§ What to work on: Every line from the one containing "Dante's Hell Spielautomat" to the end of the data below should be copied exactly, but pictures should not.

§ Records for this exercise:
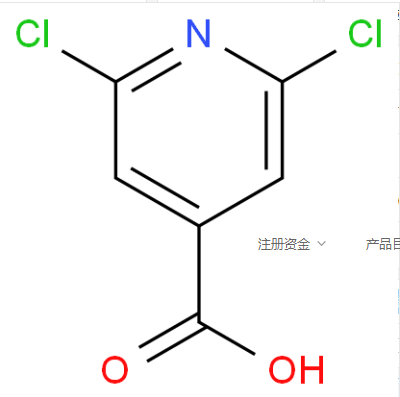 2,6-二氯異煙酸,2,6-Dichloroisonicotinic acid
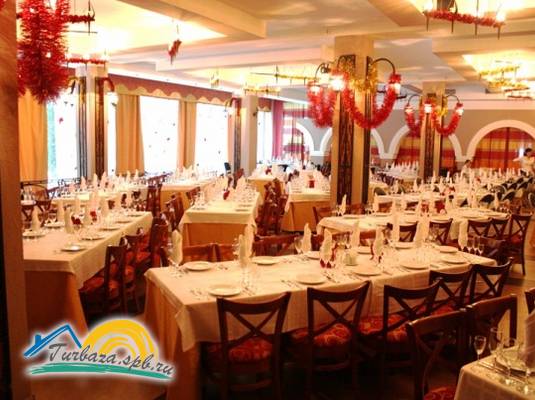 SPA отель «Аквамарин»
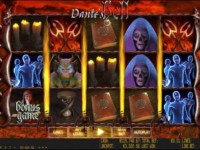 Dante's Hell Spielautomat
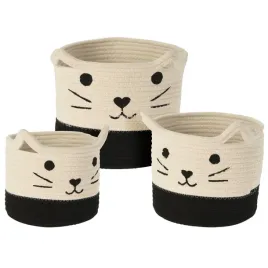 3x-kosz-pojemnik-pudelko-na-zabawki-kot-kotek-koszyk-tekstylny-23cm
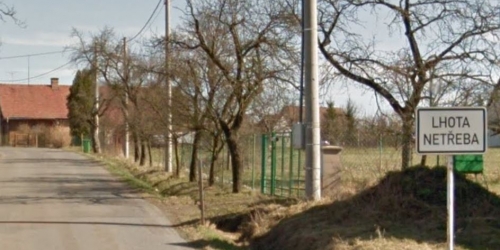 LHOTA NETŘEBA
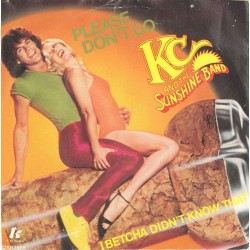 KC And The Sunshine Band ‎–...
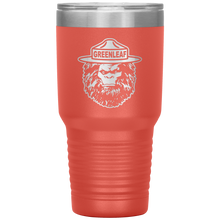 Greenleaf Trail Run Bigfoot 30oz Tumbler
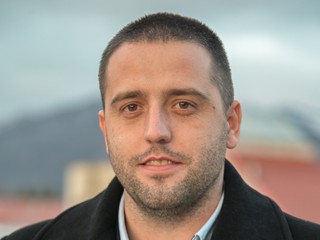 Novozvolený prezident Slovenského zväzu biatlonu Peter Vozár.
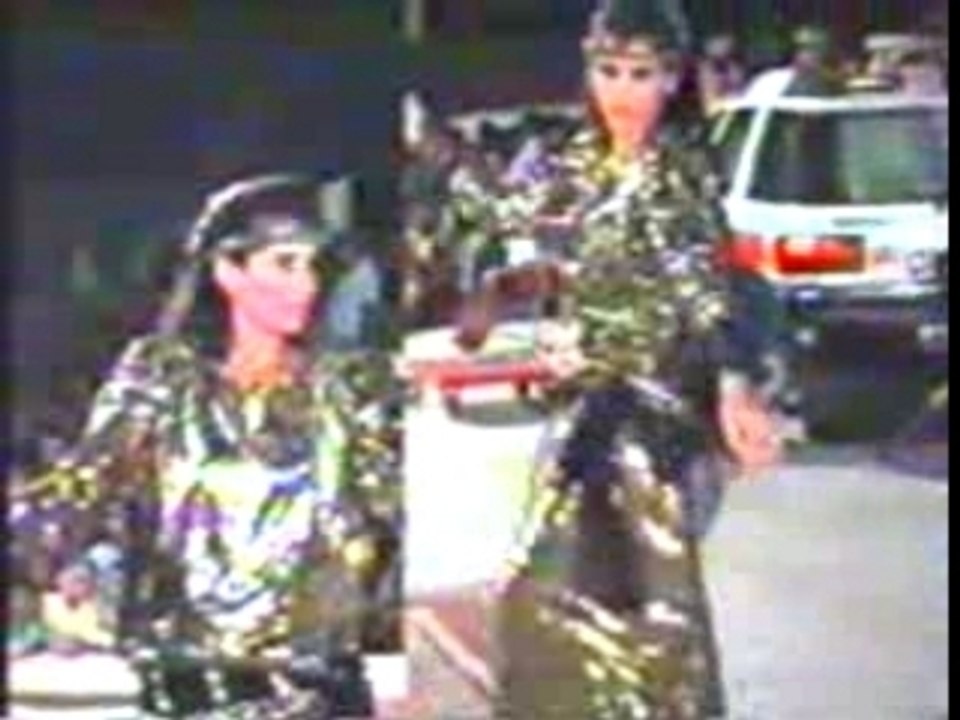 Rahim Rhaiem Fakir La Chebba danses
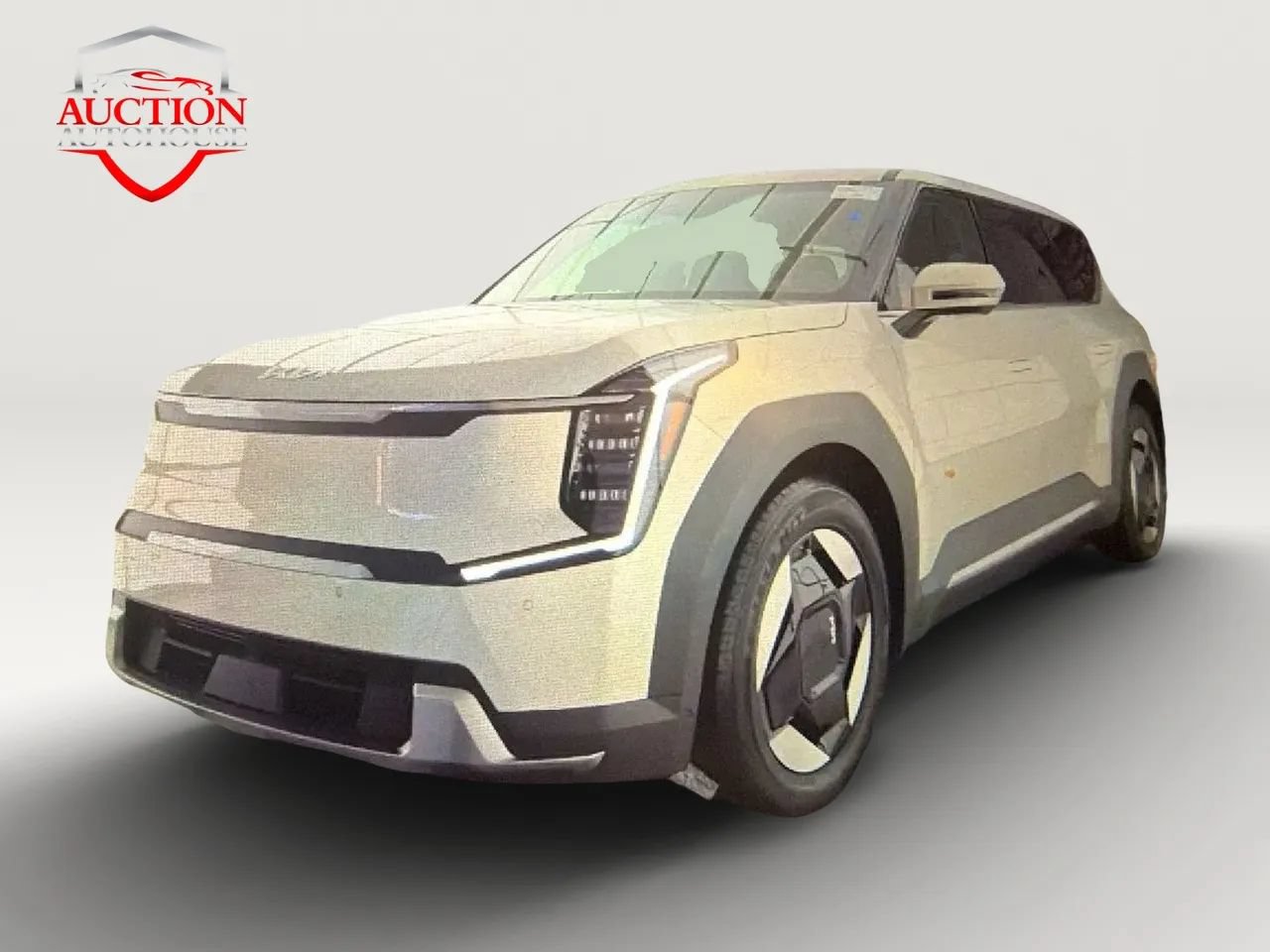 Used 2024 Kia EV9 Light Long Range RWD image 3
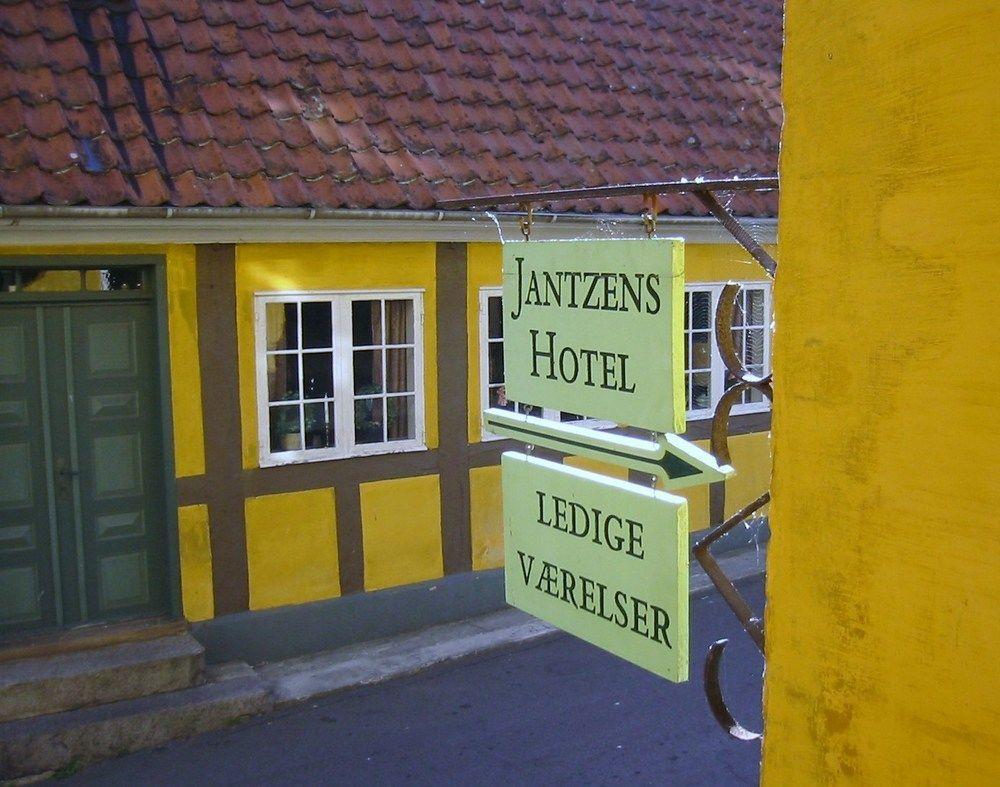 Jantzens Hotel グドイェム エクステリア 写真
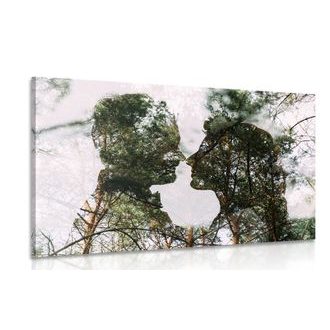 OBRAZ PODOBA LÁSKY - OBRAZY LÁSKA - OBRAZY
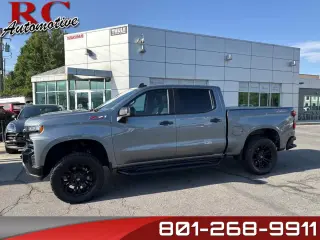 2019 Chevrolet Silverado 1500 LT Trail Boss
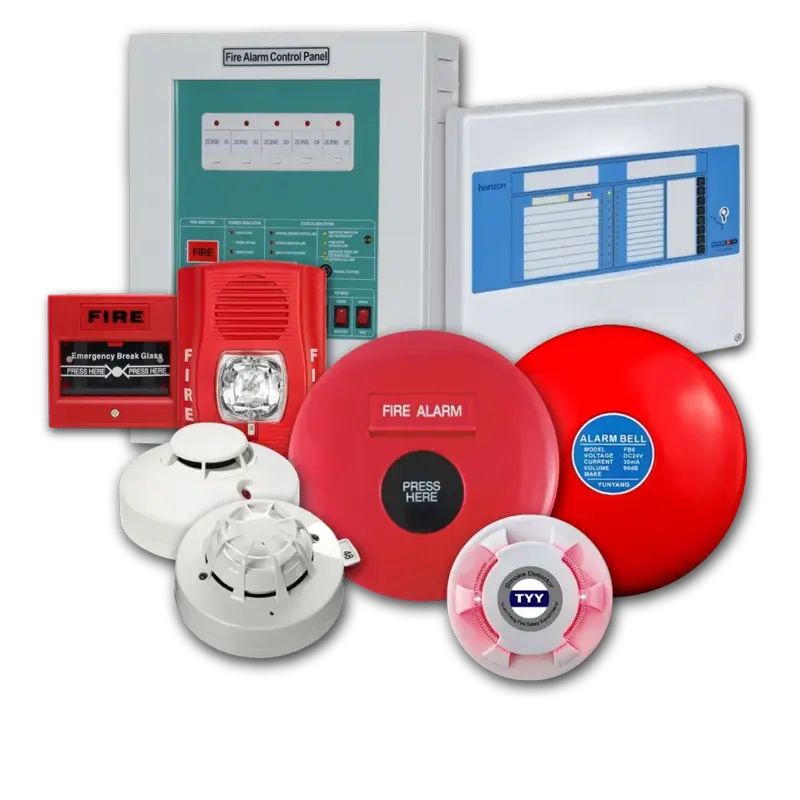 Produk Fire Alarm Cikarang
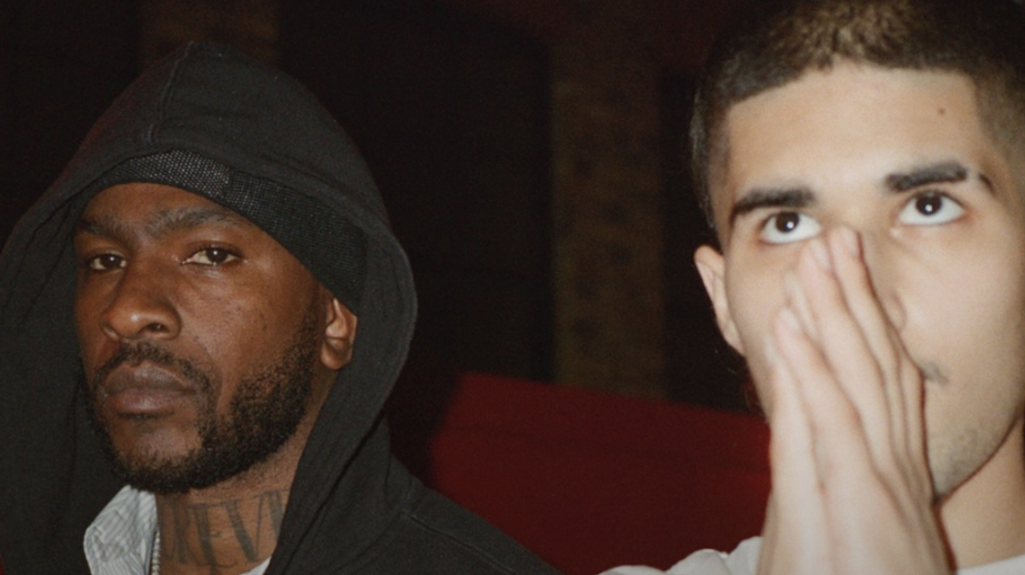 Listen to a new track from Skepta and fakemink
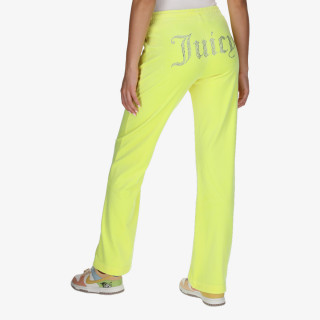 JUICY COUTURE SPODNJI DELI TRENIRKE TINA TRACK PANTS 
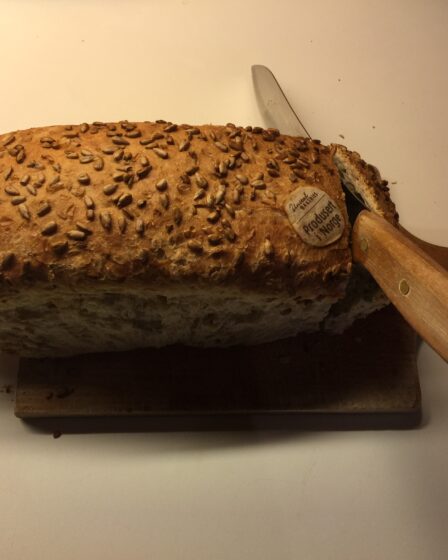 Une miche de pain de grains entiers chaque jour peut prolonger la durée de vie 5 Une miche de pain de grains entiers chaque jour peut prolonger la durée de vie - 4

§ Answer to the exercise:
 Dante's Hell Spielautomat
 3x-kosz-pojemnik-pudelko-na-zabawki-kot-kotek-koszyk-tekstylny-23cm
 LHOTA NETŘEBA
 KC And The Sunshine Band ‎–...
 Greenleaf Trail Run Bigfoot 30oz Tumbler
 Novozvolený prezident Slovenského zväzu biatlonu Peter Vozár.
 Rahim Rhaiem Fakir La Chebba danses
 Used 2024 Kia EV9 Light Long Range RWD image 3
 Jantzens Hotel グドイェム エクステリア 写真
 OBRAZ PODOBA LÁSKY - OBRAZY LÁSKA - OBRAZY
 2019 Chevrolet Silverado 1500 LT Trail Boss
 Produk Fire Alarm Cikarang
 Listen to a new track from Skepta and fakemink
 JUICY COUTURE SPODNJI DELI TRENIRKE TINA TRACK PANTS 
 Une miche de pain de grains entiers chaque jour peut prolonger la durée de vie 5 Une miche de pain de grains entiers chaque jour peut prolonger la durée de vie - 4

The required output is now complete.